▶ **WHAT YOU ARE ASKED TO DO**
Line count for the string "sale" in the records below: report that figure and nothing else.

▶ **DATA**
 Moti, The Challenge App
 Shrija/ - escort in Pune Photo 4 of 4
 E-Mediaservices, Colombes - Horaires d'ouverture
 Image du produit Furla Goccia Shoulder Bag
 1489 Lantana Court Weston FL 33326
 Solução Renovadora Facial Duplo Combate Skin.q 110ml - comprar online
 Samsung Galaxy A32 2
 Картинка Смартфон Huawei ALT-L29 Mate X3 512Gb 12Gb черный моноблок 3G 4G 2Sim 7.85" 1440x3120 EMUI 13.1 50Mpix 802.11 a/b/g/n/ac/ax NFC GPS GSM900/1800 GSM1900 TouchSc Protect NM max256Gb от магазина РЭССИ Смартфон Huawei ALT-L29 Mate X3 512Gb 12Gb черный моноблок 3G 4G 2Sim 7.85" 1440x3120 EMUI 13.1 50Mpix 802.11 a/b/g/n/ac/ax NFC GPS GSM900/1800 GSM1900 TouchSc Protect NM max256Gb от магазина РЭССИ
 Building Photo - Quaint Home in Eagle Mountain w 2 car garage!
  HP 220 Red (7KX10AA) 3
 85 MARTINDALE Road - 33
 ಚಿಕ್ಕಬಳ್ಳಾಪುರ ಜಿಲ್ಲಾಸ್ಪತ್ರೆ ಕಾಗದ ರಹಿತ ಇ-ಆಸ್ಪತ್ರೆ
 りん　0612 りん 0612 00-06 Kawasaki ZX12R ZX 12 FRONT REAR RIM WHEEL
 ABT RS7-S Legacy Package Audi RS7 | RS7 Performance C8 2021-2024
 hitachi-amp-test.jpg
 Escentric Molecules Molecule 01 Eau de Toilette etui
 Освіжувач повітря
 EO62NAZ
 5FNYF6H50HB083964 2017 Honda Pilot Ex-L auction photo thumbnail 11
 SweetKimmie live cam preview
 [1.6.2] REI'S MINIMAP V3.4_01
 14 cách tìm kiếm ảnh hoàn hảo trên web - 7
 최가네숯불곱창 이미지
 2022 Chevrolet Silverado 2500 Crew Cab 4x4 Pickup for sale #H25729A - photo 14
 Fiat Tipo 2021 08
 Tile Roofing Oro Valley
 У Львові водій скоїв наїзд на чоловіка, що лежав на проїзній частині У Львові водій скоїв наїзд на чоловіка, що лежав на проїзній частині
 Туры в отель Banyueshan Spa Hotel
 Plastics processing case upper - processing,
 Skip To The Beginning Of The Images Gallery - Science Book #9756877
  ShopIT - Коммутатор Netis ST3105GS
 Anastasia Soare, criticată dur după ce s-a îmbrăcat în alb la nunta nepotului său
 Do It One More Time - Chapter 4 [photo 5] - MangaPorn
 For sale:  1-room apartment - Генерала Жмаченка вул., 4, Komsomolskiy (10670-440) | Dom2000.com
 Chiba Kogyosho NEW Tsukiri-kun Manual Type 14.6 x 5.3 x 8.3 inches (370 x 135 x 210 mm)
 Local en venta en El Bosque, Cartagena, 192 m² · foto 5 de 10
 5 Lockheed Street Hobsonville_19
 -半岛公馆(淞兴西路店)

▶ **RESPONSE AREA**
2